Fine-tuning Llama3 Models with LoRA on Custom Data
Meta just released Llama3.1 models yesterday (23rd of July, 2024), so I thought it would be a great time to discuss how we can fine-tune Llama 3 models. In this blog, we will fine-tune the Llama3 8B model with Low-Rank Adaptation (LoRA), to enhance its performance on particular tasks/datasets.
Table of Contents
- Low-Rank Adaptation (LoRA)
- Concept
- Example
- Setting up the Environment
- Data Preparation
- Fine-tuning
- Seeding
- Load and Quantize Model
- Add Padding Token
- Format Training Examples
- Prepare Training Datasets
- Use LoRA
- Training Configurations
- Start Training
- Loading and Merging Saved Model
- Pushing Trained Model to HF Hub
- Evaluation
Low-Rank Adaptation (LoRA)
When fine-tuning large language models like LLaMA 3/3.1 8B, one of the biggest challenges is the required computational resources. This is where Low-Rank Adaptation (LoRA) comes in. LoRA is a technique designed to efficiently fine-tune large language models by reducing the number of trainable parameters while maintaining model performance.
Concept
The main idea of LoRA is to approximate the weight updates required for fine-tuning using low-rank matrices. By decomposing the original weights, LoRA allows us to train only these smaller matrices instead of updating the full weight matrix during fine-tuning.
Example
Let’s consider a simplified example to understand how LoRA works:
Suppose we have a pre-trained weight matrix (W) of size 1000x1000 (1 million parameters). In traditional fine-tuning, we would update all of these parameters. With LoRA, using a rank r=16:
- Matrix (B) would be (1000x16)
- Matrix (A) would be (16x1000)
Total trainable parameters: ((16x1000) x2 = 32,000) parameters.

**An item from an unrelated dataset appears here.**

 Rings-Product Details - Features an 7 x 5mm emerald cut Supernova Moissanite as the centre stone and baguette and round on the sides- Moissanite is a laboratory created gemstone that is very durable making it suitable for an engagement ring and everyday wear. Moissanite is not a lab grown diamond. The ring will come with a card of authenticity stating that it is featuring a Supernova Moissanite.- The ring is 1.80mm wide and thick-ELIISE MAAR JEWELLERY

This is a 96.8% reduction in trainable parameters!
Setting up the Environment
Note: In this post, I will be using Llama 3 8B as an example, but you should be able to train Llama 3.1 in the exact same way. This section should be relevant only if you will train 3.1 models.
- Install the latest version of transformers
New Llama 3.1 models have new attributes within the model config, we won’t be able to load the model unless we upgrade transformers library version
pip install --upgrade transformers
- Request access to Llama 3.1 8B model You will have to sign-in to HuggingFace Hub, and request access to Llama 3.1 8B Instruct model
Data Preparation
As the main goal of this blog post is to train the model on your own custom dataset, we will be talking abstractly about how to train the model on any dataset, and how the data should be formatted.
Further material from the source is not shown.